Stored items from a collection:
::::::

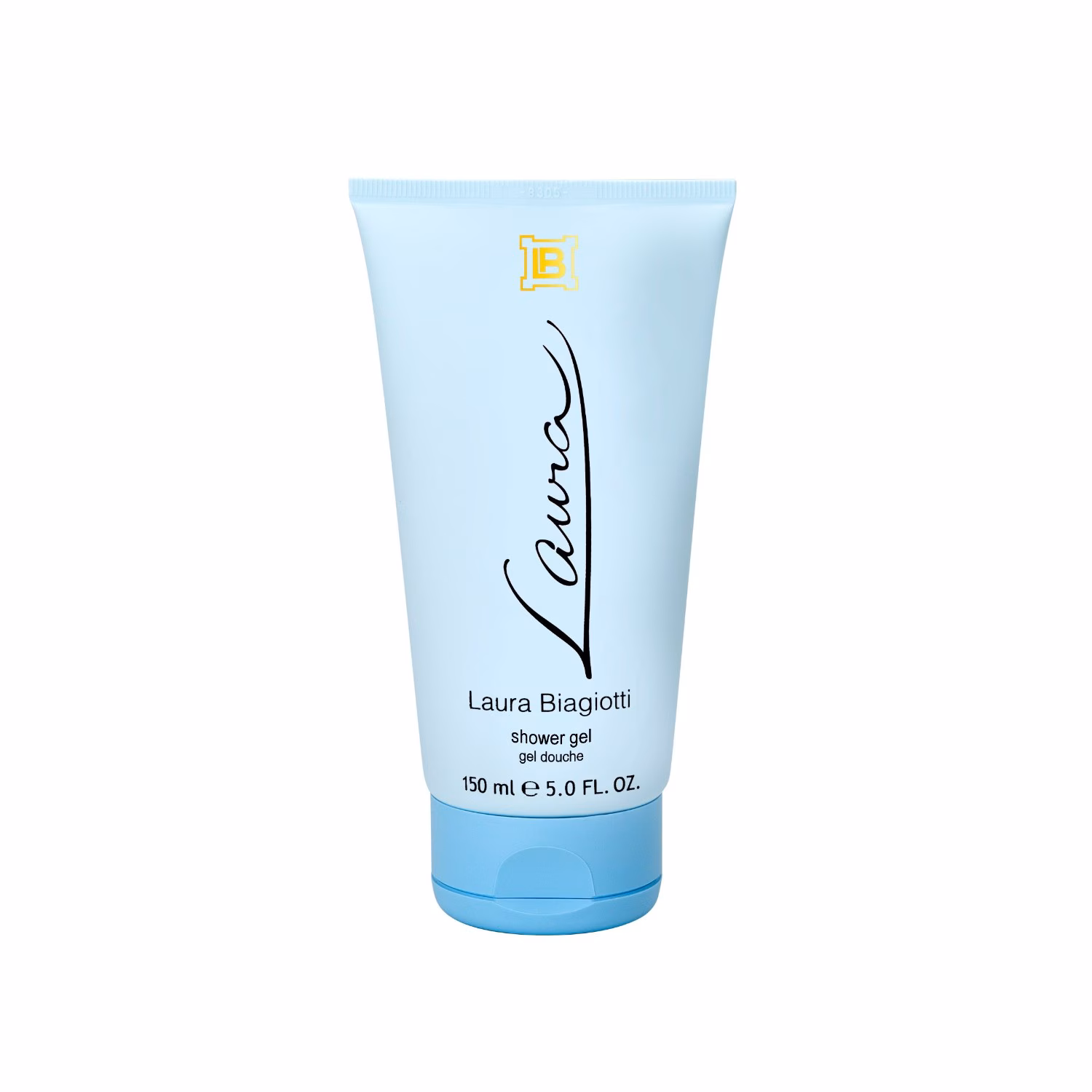 Shower Gel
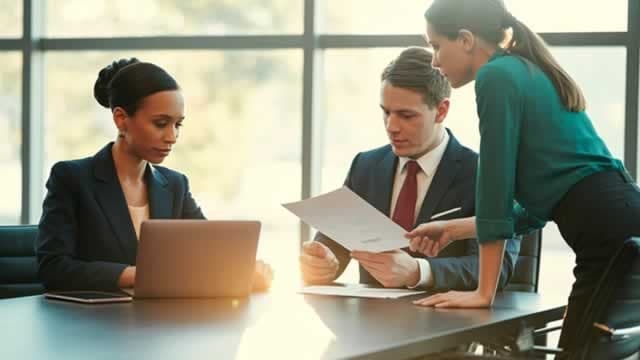 APLD's Customer Concentration Remains Elevated: Is Growth at Risk?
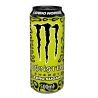 MONSTER LANDO NORRIS_0.5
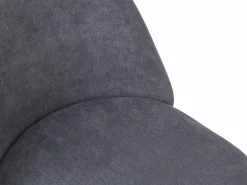 SANSIBAR Polsterstuhl TINNUM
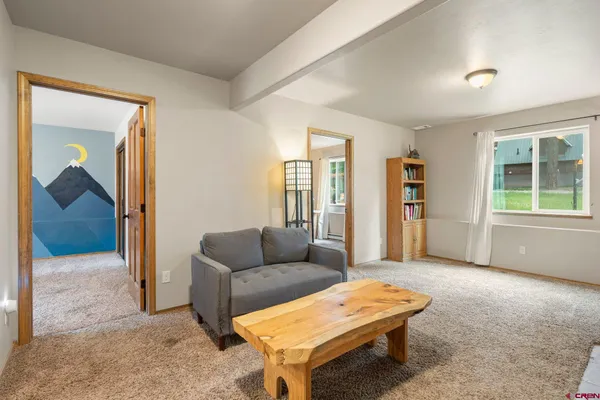 $549,000 | 139 San Moritz Drive, Bayfield, CO 81122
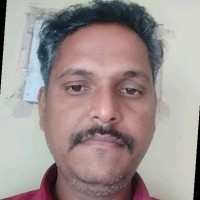 saishankar jawale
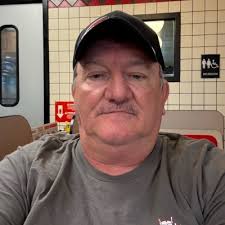 👍👍👍👍👍👍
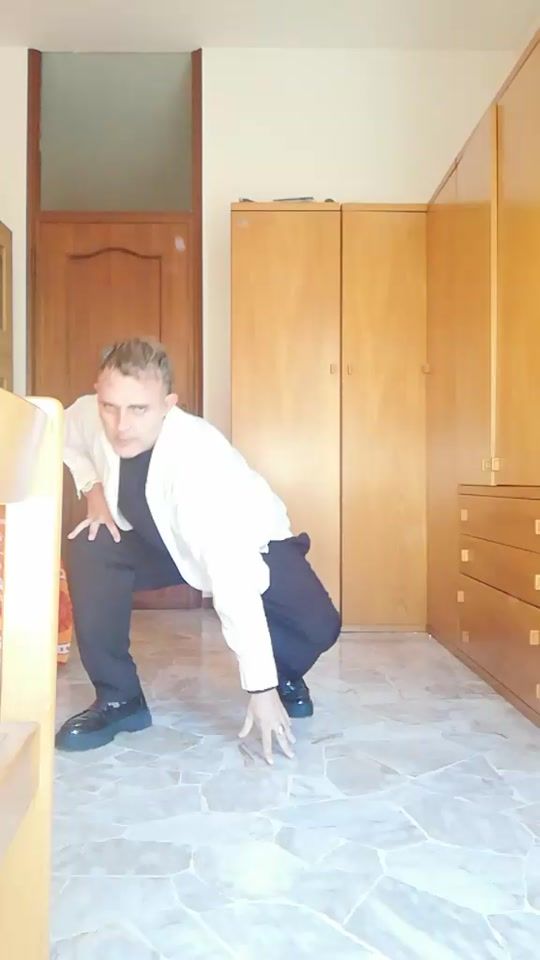TikTok video thumbnail by antonioarmento5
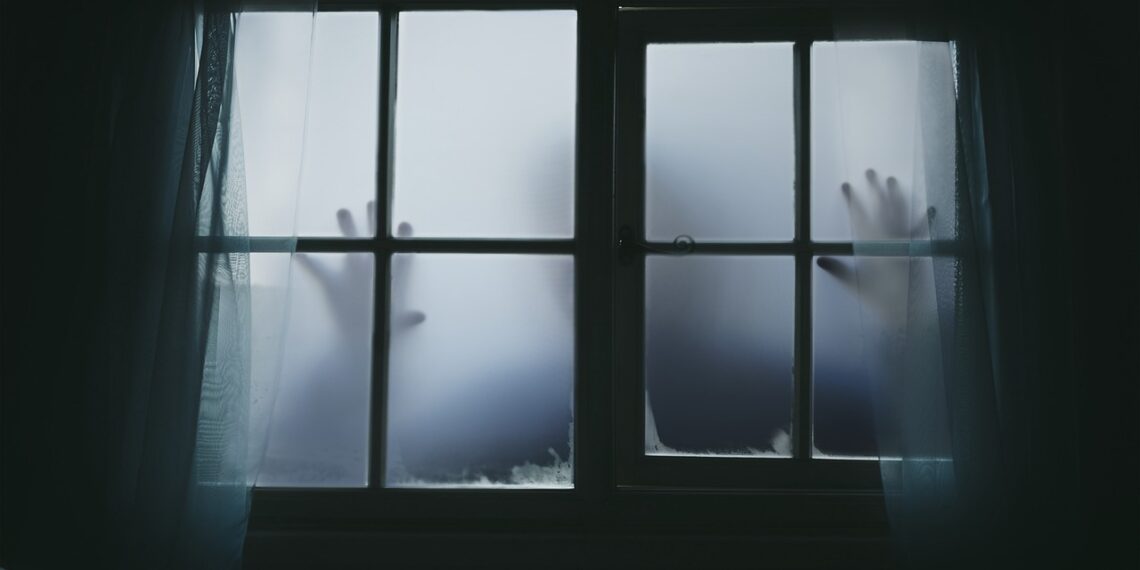 Κυκλοφόρησε το νέο τεύχος της Ελληνικής Εταιρείας Εγκληματολογίας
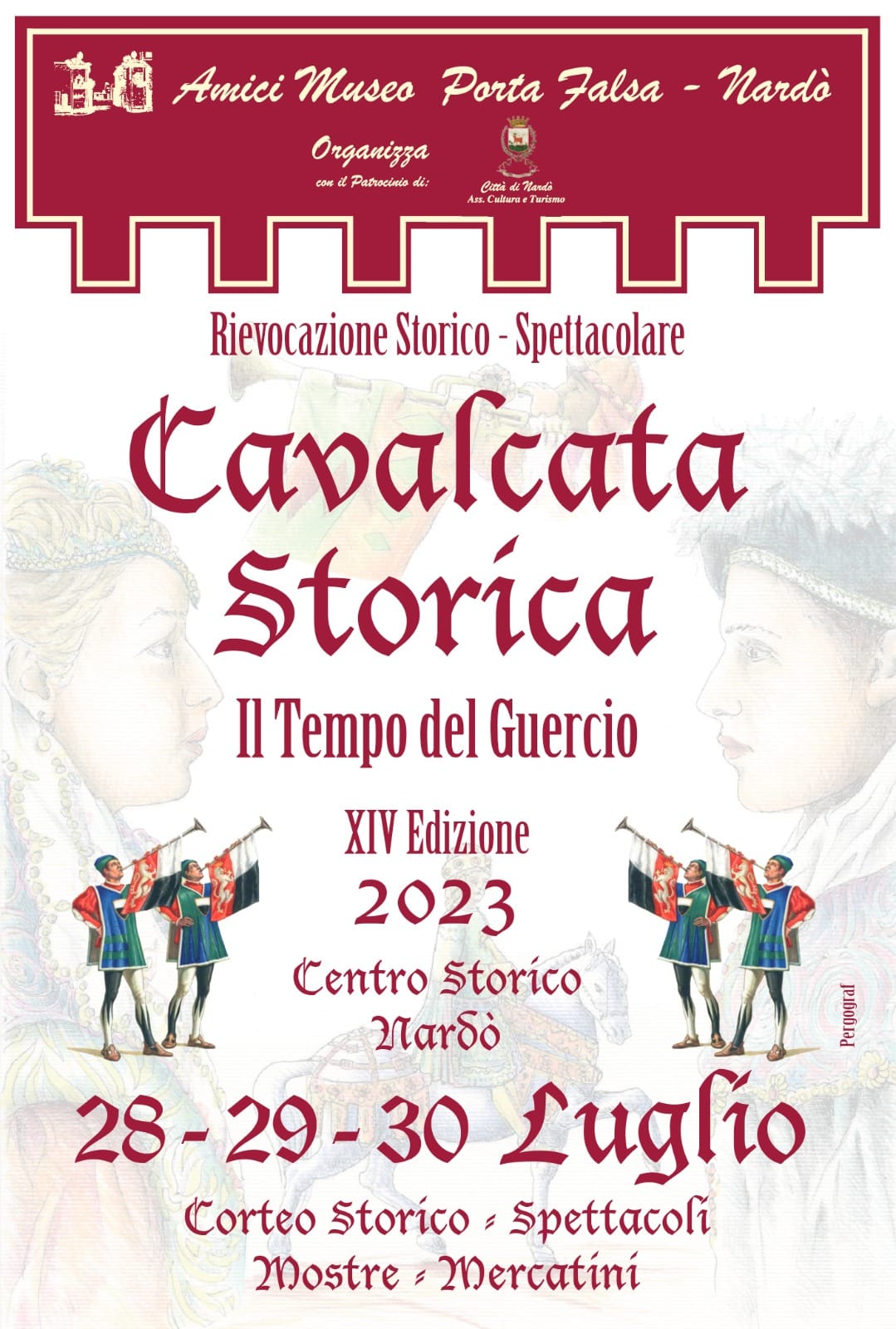 348438078 1636688680140108 7132770513959994759 n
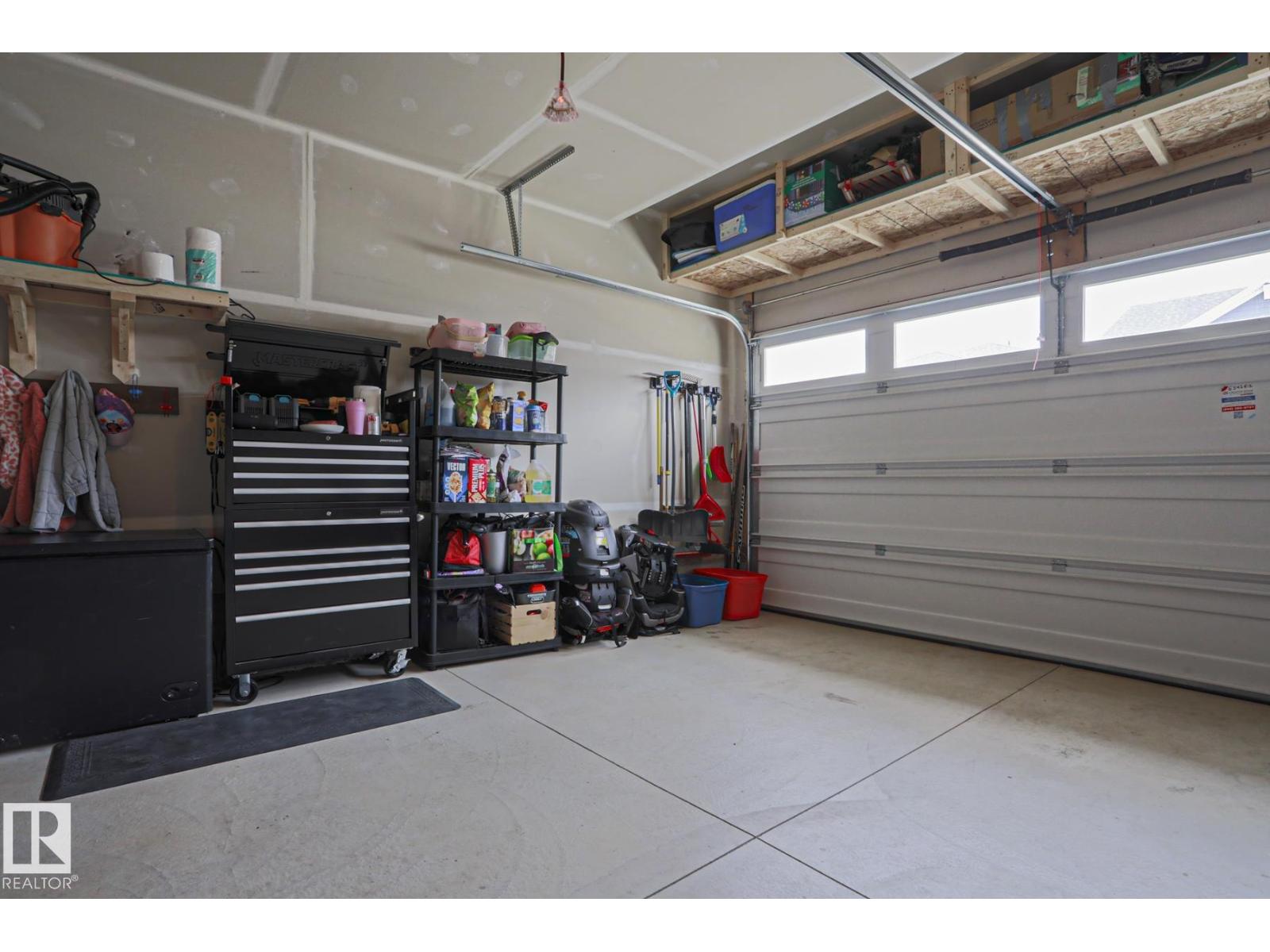 1047 Stoneside Rd, Sherwood Park, Alberta  T8H 3A1 - Photo 59 - E4488144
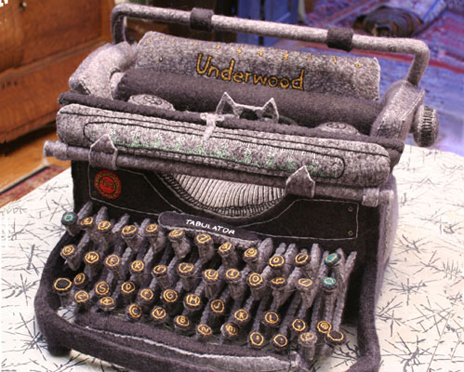 Underwood By Sewn By Blythe underwood by sewn by blythe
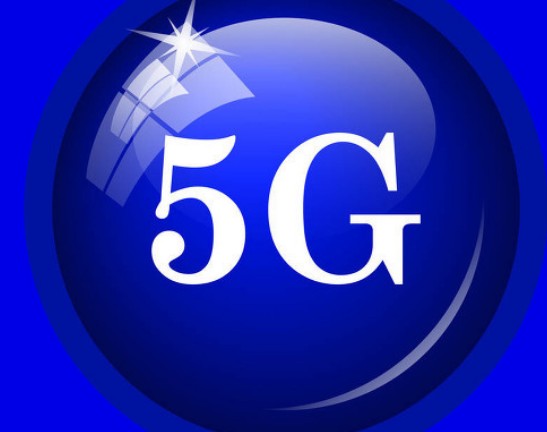 5G标准在R16中支持移动广播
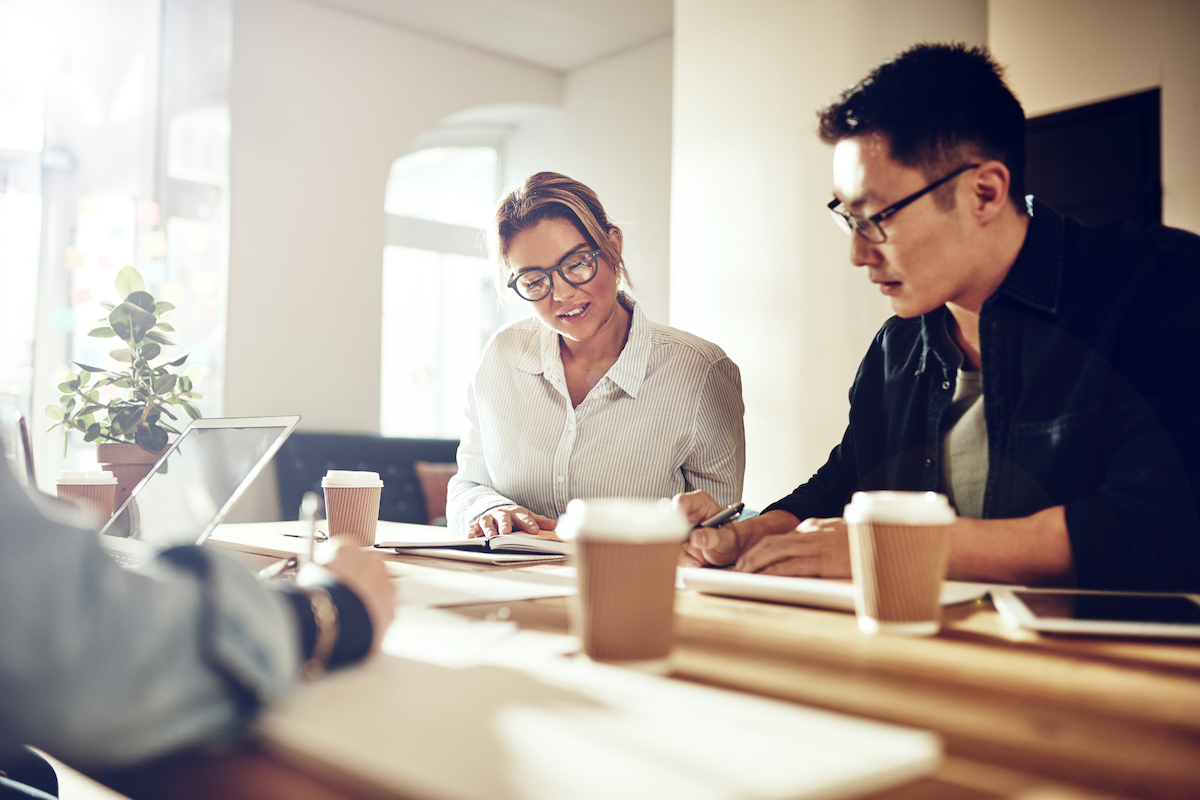 8 things to prepare for when transitioning from medical to recreational cannabis sales
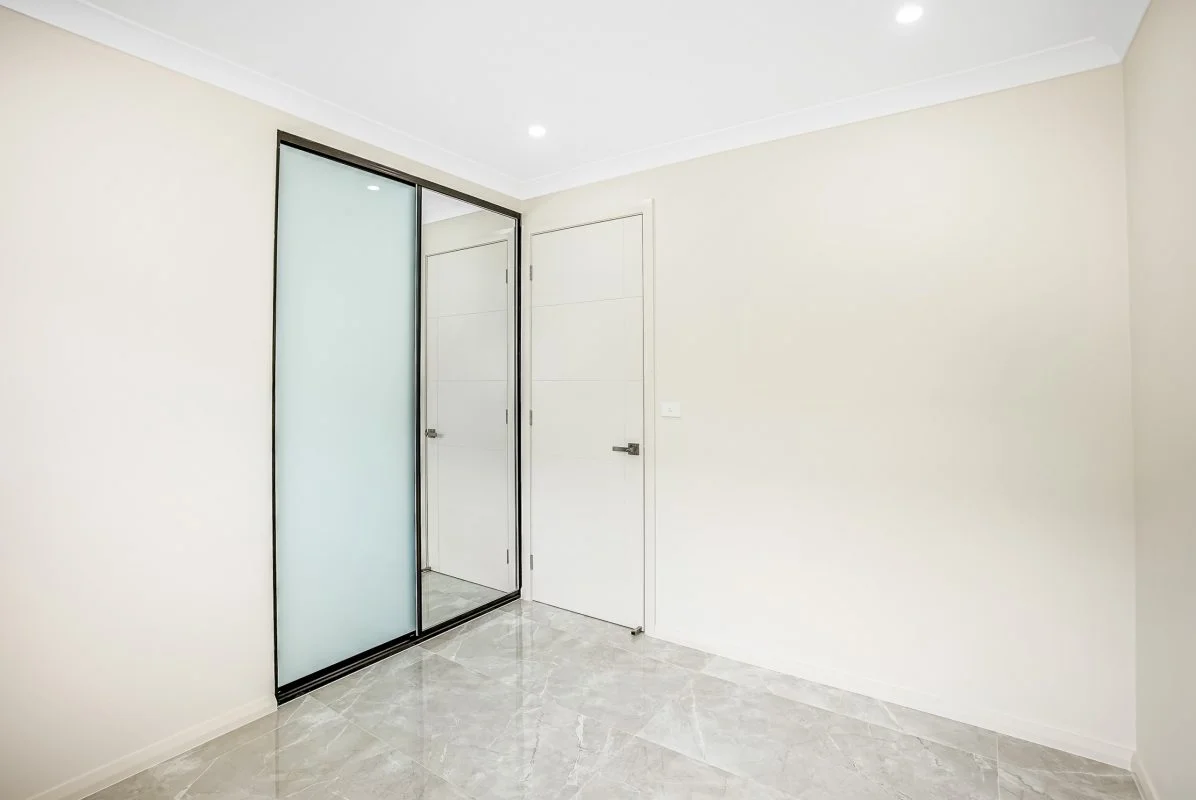 Additional image 16 of Austral NSW 2179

::::::

Prompt:
Every line above between the one containing "APLD's Customer Concentration" and the one containing "5G标准在R16中支持移动广播", those two included, is to be printed exactly. No pictures go into the copy.

Output for this exercise:
 APLD's Customer Concentration Remains Elevated: Is Growth at Risk?
 MONSTER LANDO NORRIS_0.5
 SANSIBAR Polsterstuhl TINNUM
 $549,000 | 139 San Moritz Drive, Bayfield, CO 81122
 saishankar jawale
 👍👍👍👍👍👍
TikTok video thumbnail by antonioarmento5
 Κυκλοφόρησε το νέο τεύχος της Ελληνικής Εταιρείας Εγκληματολογίας
 348438078 1636688680140108 7132770513959994759 n
 1047 Stoneside Rd, Sherwood Park, Alberta  T8H 3A1 - Photo 59 - E4488144
 Underwood By Sewn By Blythe underwood by sewn by blythe
 5G标准在R16中支持移动广播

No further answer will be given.